The relationships of care that the human life cycle entails has defined much of our evolution. Human nature cannot, therefore, be located in the mind of individual humans. Rather, to the extent that the concept is recoverable, human nature is best thought of as being distributed across the relationships of mutual care and other social relations that are necessary conditions for human existence.

Are we natural born socialists?

At this point, it might be tempting to say that distributed mutual care being a necessary precondition for human existence and the key context in which we ought to understand the natural origins of human social behavior means that liberal evolutionary political psychology is wrong and we are actually natural born socialists. Such a conclusion, though based on premises that happen to be true, would be just as invalid as its liberal evolutionary psychological counterpart. Whether we evolved in a bellum omnium contra omnes or harmonious primitive communism, or were even created by divine powers whose motivations will remain forever a mystery, that which harms us or provides us sustenance is a matter of the conditions of the present. We do not need a full evolutionary explanation of the origins of human reproduction and childrearing, for instance, to realize that mutual care is a prime site for the generation of exploitation and inequality.

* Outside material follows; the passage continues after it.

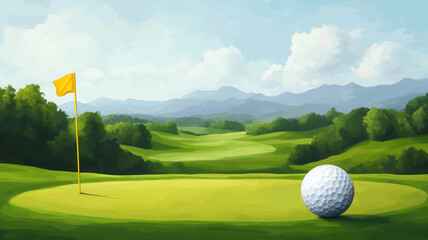 Obraz premium A serene golf course scene featuring a flag, golf ball, and lush green landscape under a clear sky.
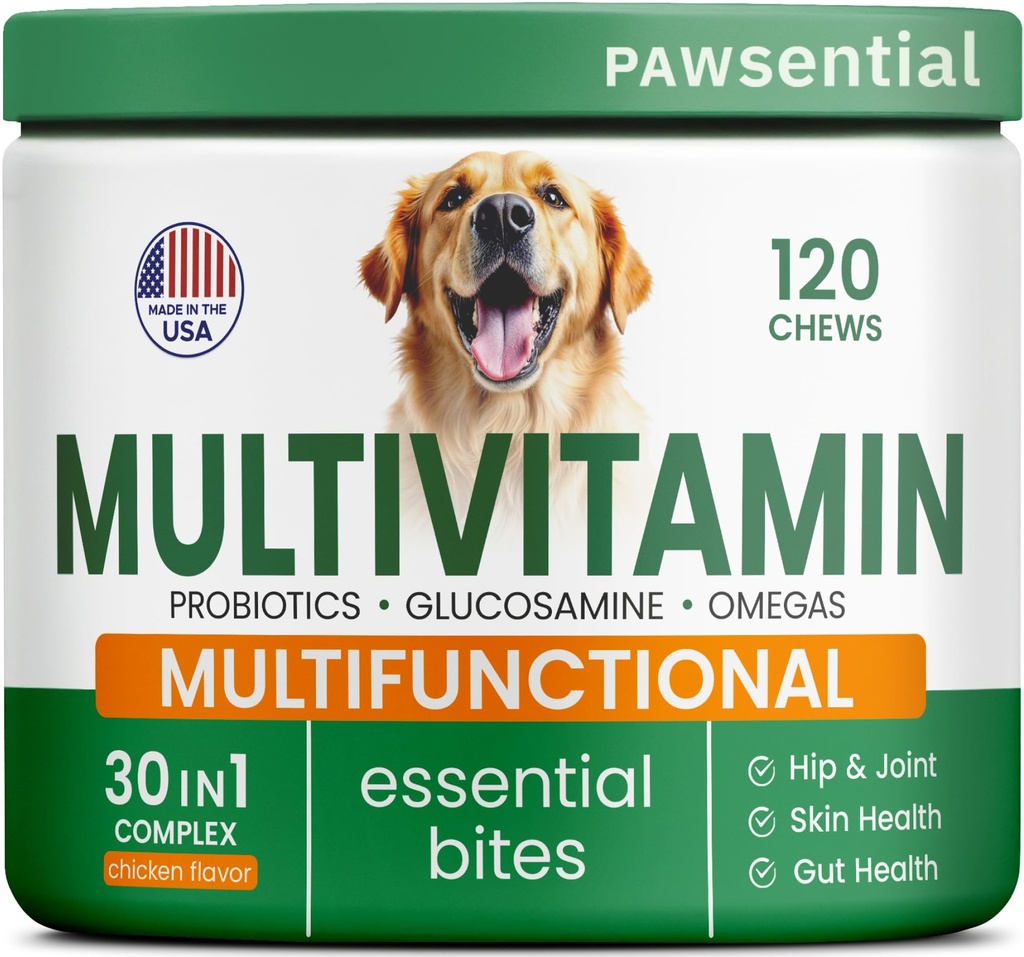 Koera vitamiinid + glükoosamiin - näritavad multivitamiinid + probiootikumid, oomega - puusa- ja liigesetoetus, nahk ja kate, soolestik Tervis - Täiskasvanud ja vanem - suur ja väike tõug - 120 närimist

Coercive control of caregivers is precisely what the least powerful in the households of the Virginia yeoman farmer and Roman citizen faced. In either case, children were raised by the enslaved and otherwise subordinate members of that household. Different coercive and deeply unequal systems prevail today, ranging from the suppression of reproductive healthcare to the exploitation of working class women in for-profit daycare.

Where the need for care is our evolutionary inheritance, the system of caregiving a society builds and the degree to which it is just and fair are political problems. To the extent that investigation of human evolution can provide any positive guidance to an effort to make a more just and equal society, it can do so by highlighting the fact that no social configuration that we would consider as providing the conditions for a good human existence can be realized without substantial mutual care. Democratization of the systems governing care is essential to ensure that command of this needed activity cannot be wielded as an instrument of coercive control.